** Information follows **
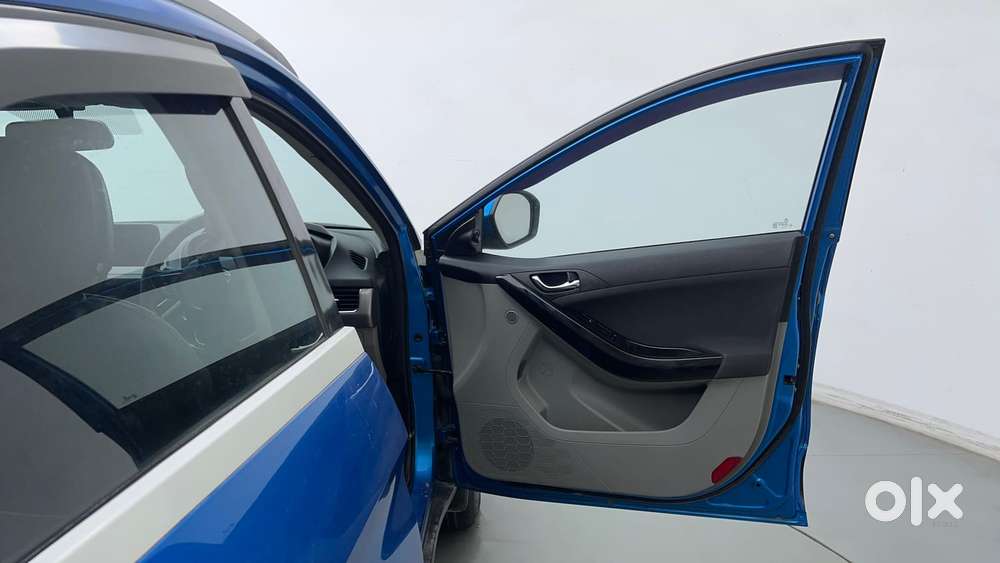 Tata Nexon 1.2 Revotron Xz Plus, 2019, Petrol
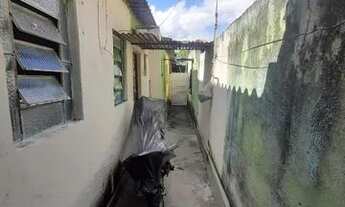 Imagem 4: Quarto c/ banheiro no centro de Bangu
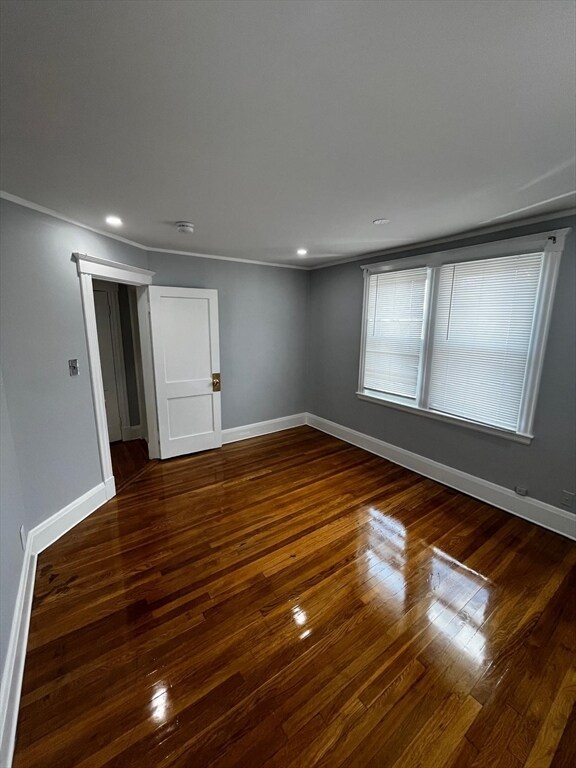 Building Photo - 103 Tracy Ave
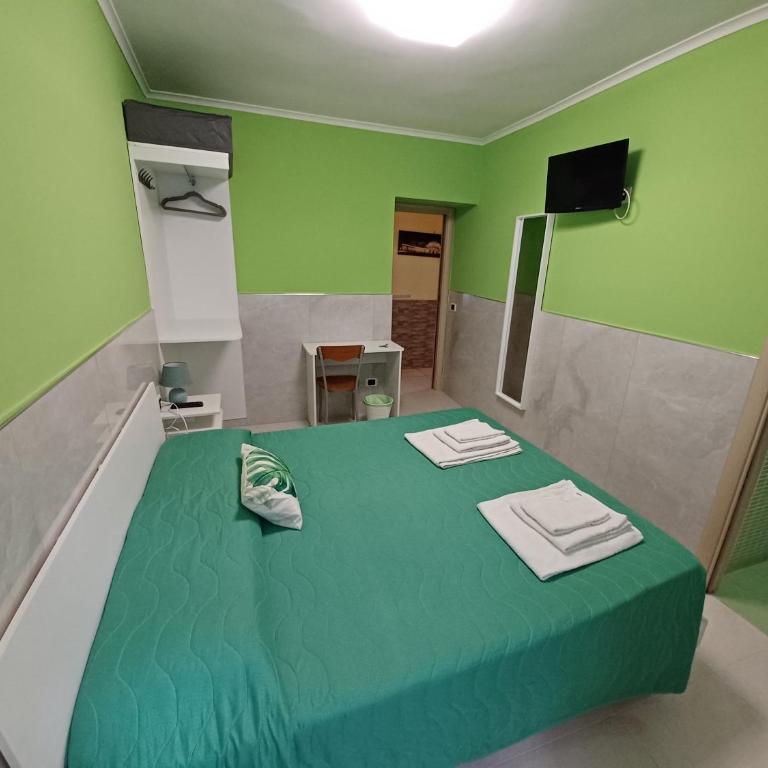 B&B Quattro Palazzi Napoli Centro - Camera Matrimoniale - 14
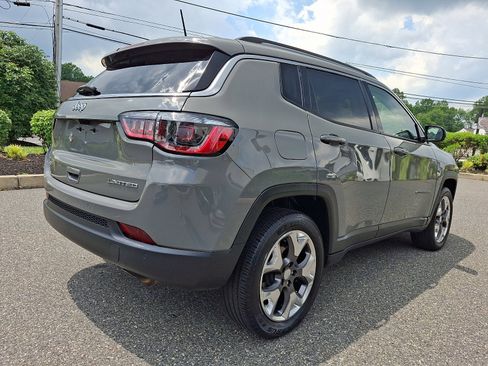 Used 2021 Jeep Compass Limited AWD/4WD image 4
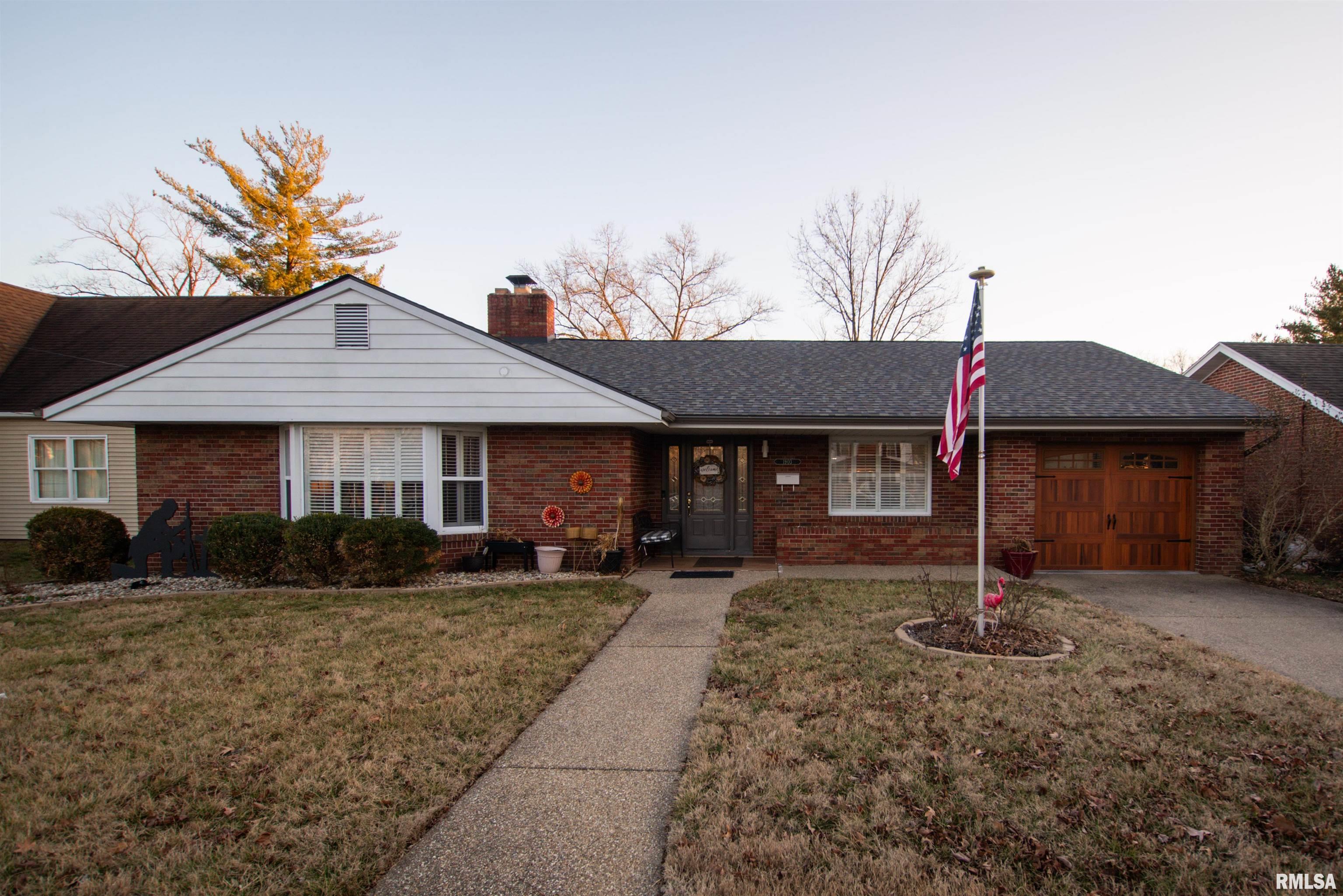 1903 East Richview Road Mount Vernon, IL 62864 - Photo 1 of 47 Gallery Image 1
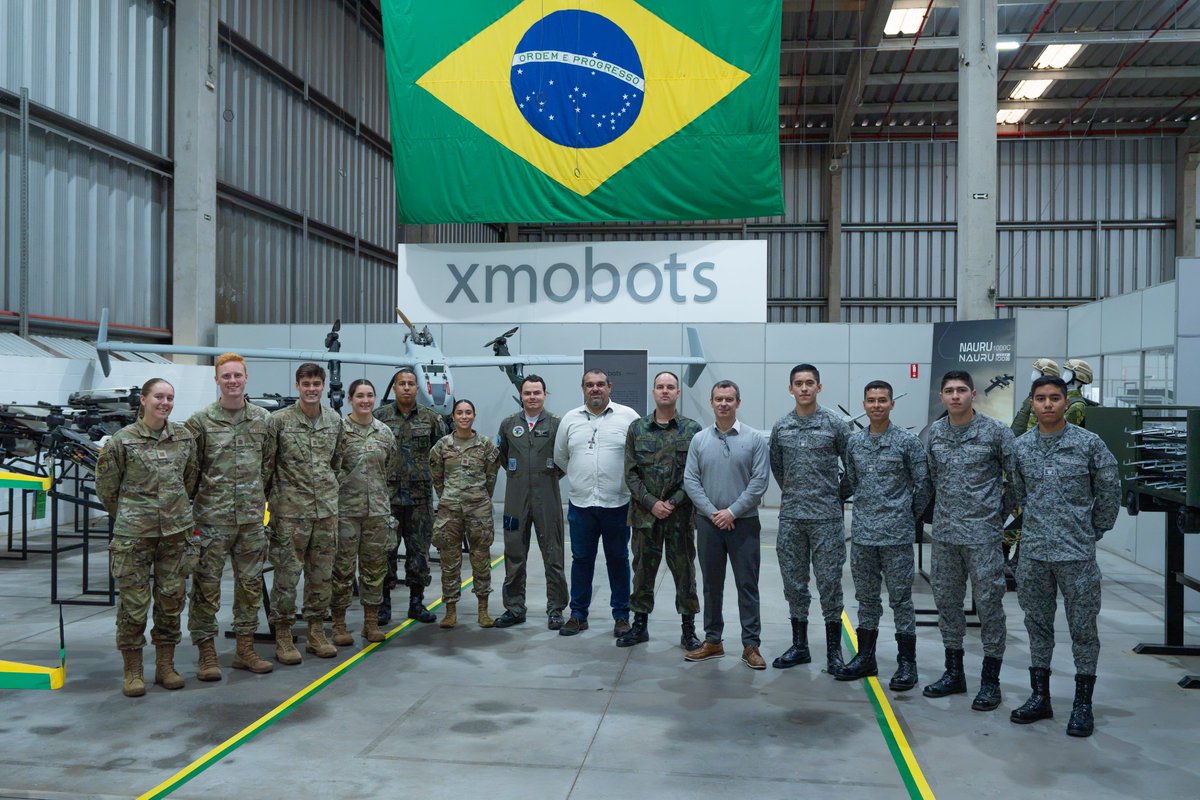 xmobots tweet picture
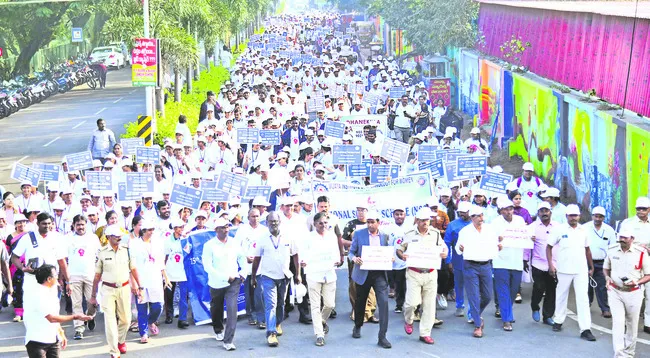 ప్రజాస్వామ్యానికి పునాది ఓటు హక్కు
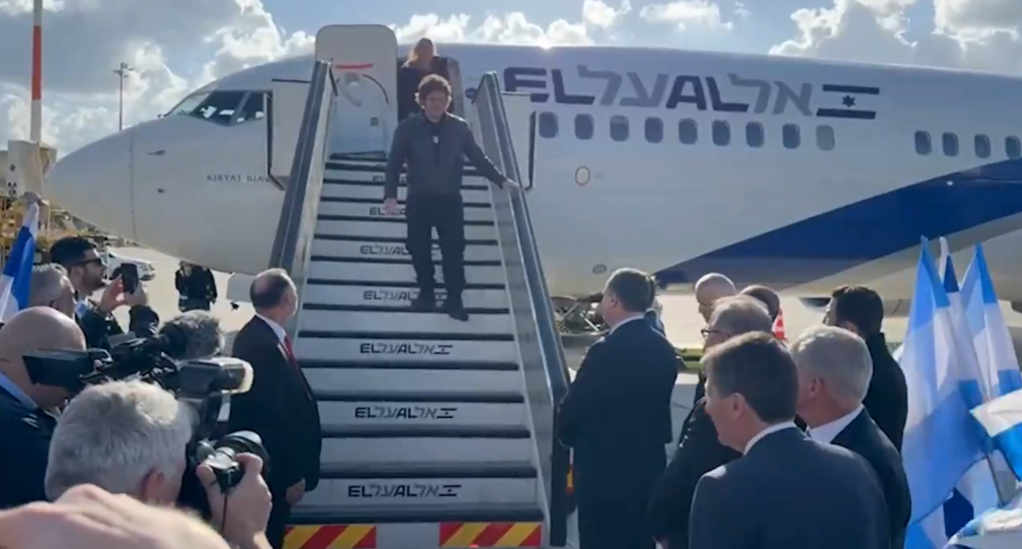 No momento, você está visualizando Milei chega a Israel para reunião com Netanyahu e promete embaixada em Jerusalém
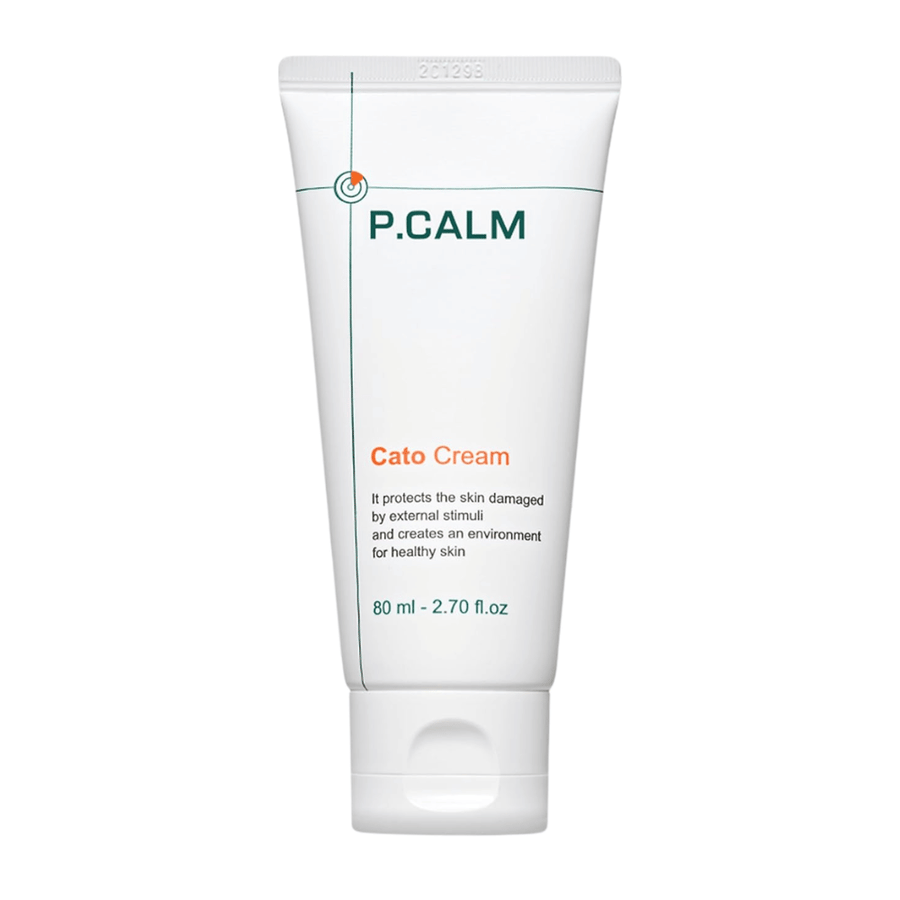 Frilagt produktbillede af P.CALM Cato Cream på lys baggrund. Det minimalistiske tubedesign fremhæver hudplejeproduktets rene og beroligende profil til sensitiv hud.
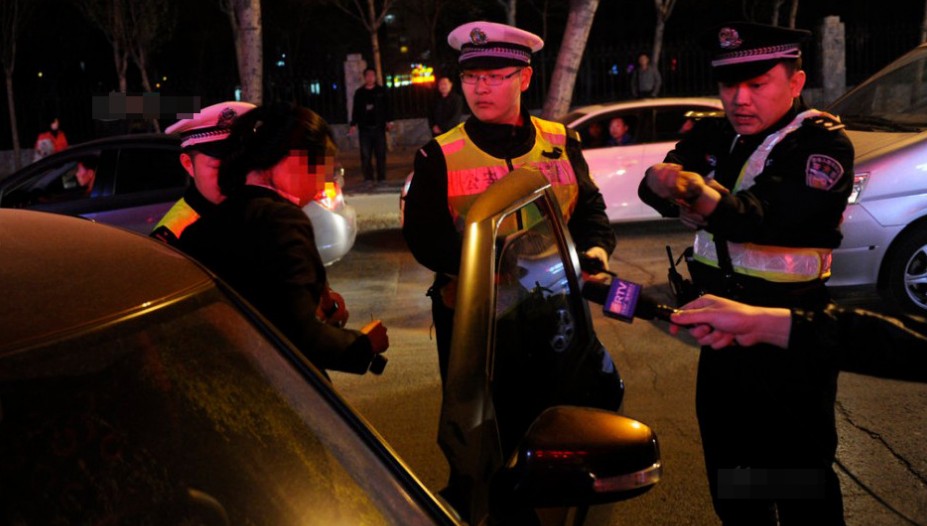 最牛女司机 车窗夹民警胳膊拖行数米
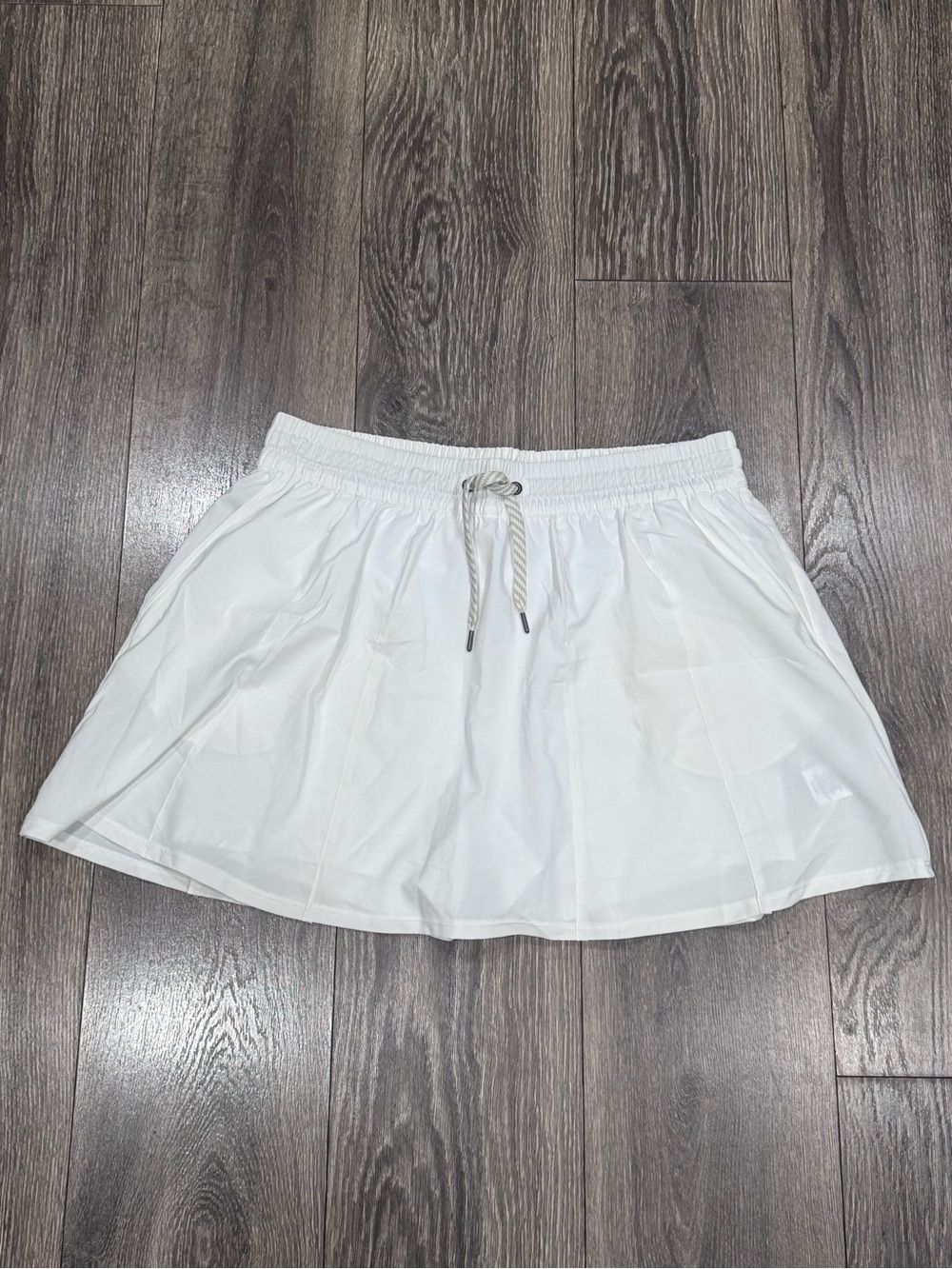 NWOT Vuori White Circle Skort with Drawstring Waist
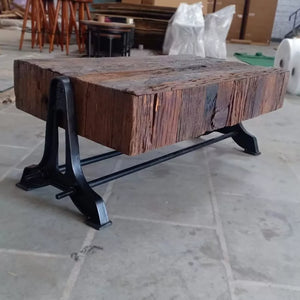 Table basse massive faite en bois ancien et fonte. Mesures: 120 x 60 x 48 cm. Kukuu, spécialiste en meubles industriels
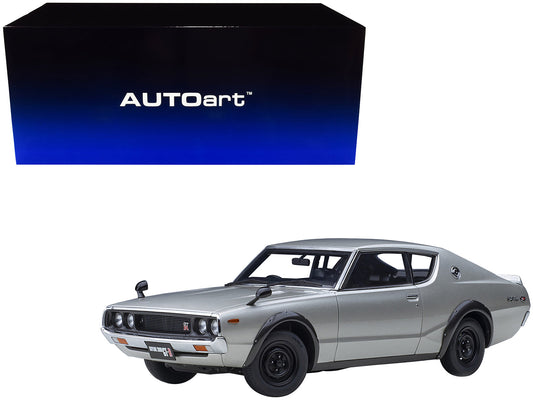Nissan Skyline 2000GT-R (KPGC110) RHD (Right Hand Drive) Silver Metallic 1/18 Model Car
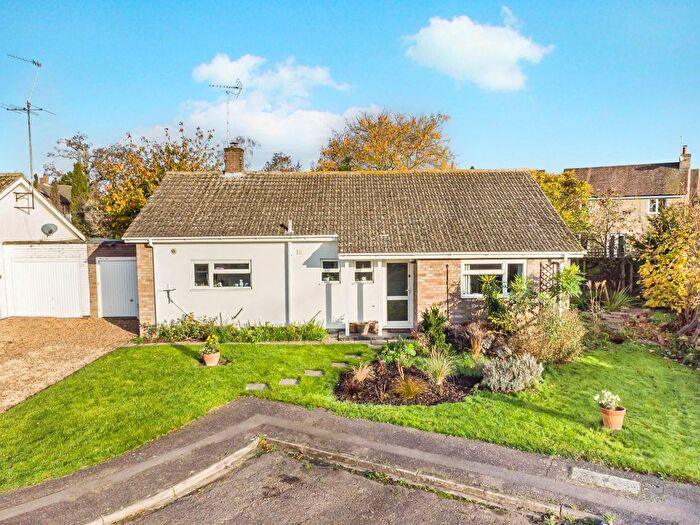 3 Bedroom Detached Bungalow For Sale In Trinity Close, Haslingfield, Cambridge, CB23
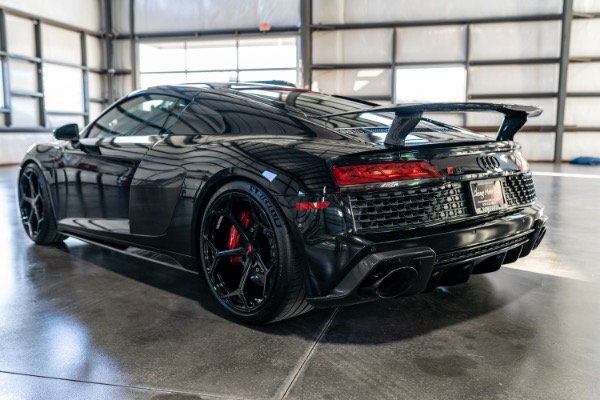Used 2020 Audi R8 5.2 quattro V10 performance Coupe Hot Color Combo! Carbon Fiber! LOADED! for sale Sold at Chicago Motor Cars in West Chicago IL 60185 2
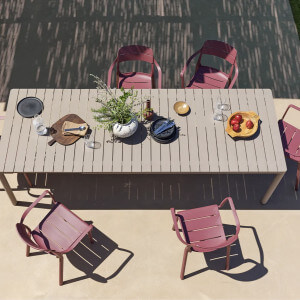 Chaise Cassia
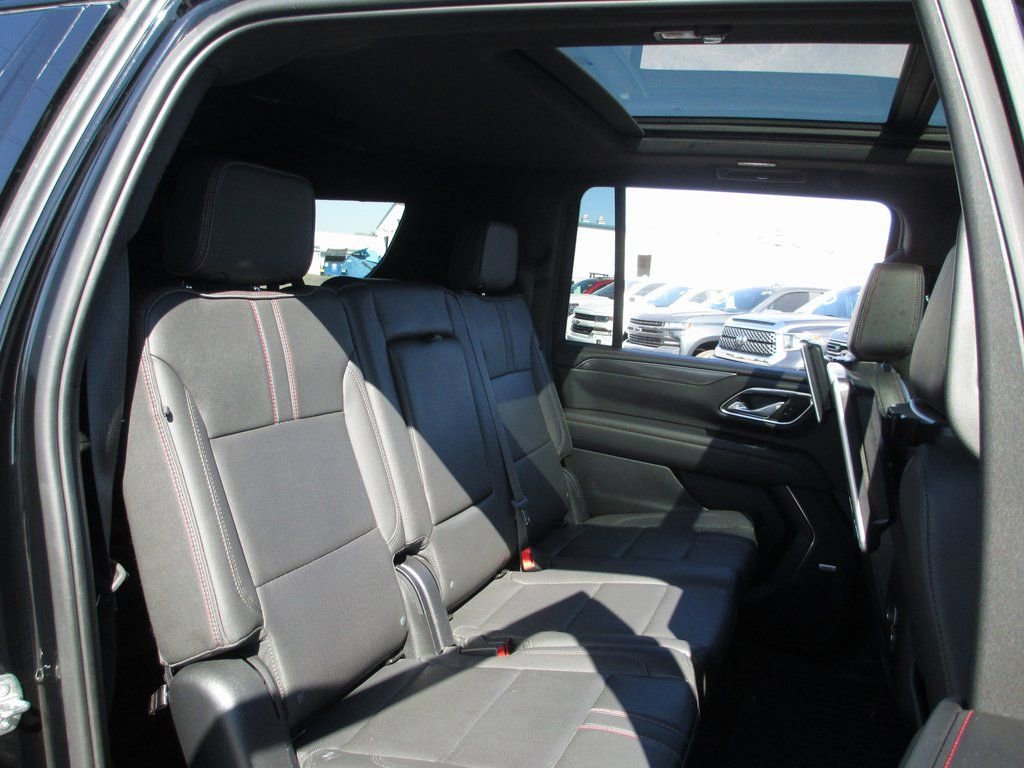 Used 2023 Chevrolet Suburban RST image 25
** End of Information **
* **Task details**
Write out, word for word, the stretch of entries that begins at the line with "B&B Quattro Palazzi" and ends at the line with "ప్రజాస్వామ్యానికి పునాది ఓటు హక్కు". Pictures do not belong in it.

* **Task response**
 B&B Quattro Palazzi Napoli Centro - Camera Matrimoniale - 14
 Used 2021 Jeep Compass Limited AWD/4WD image 4
 1903 East Richview Road Mount Vernon, IL 62864 - Photo 1 of 47 Gallery Image 1
 xmobots tweet picture
 ప్రజాస్వామ్యానికి పునాది ఓటు హక్కు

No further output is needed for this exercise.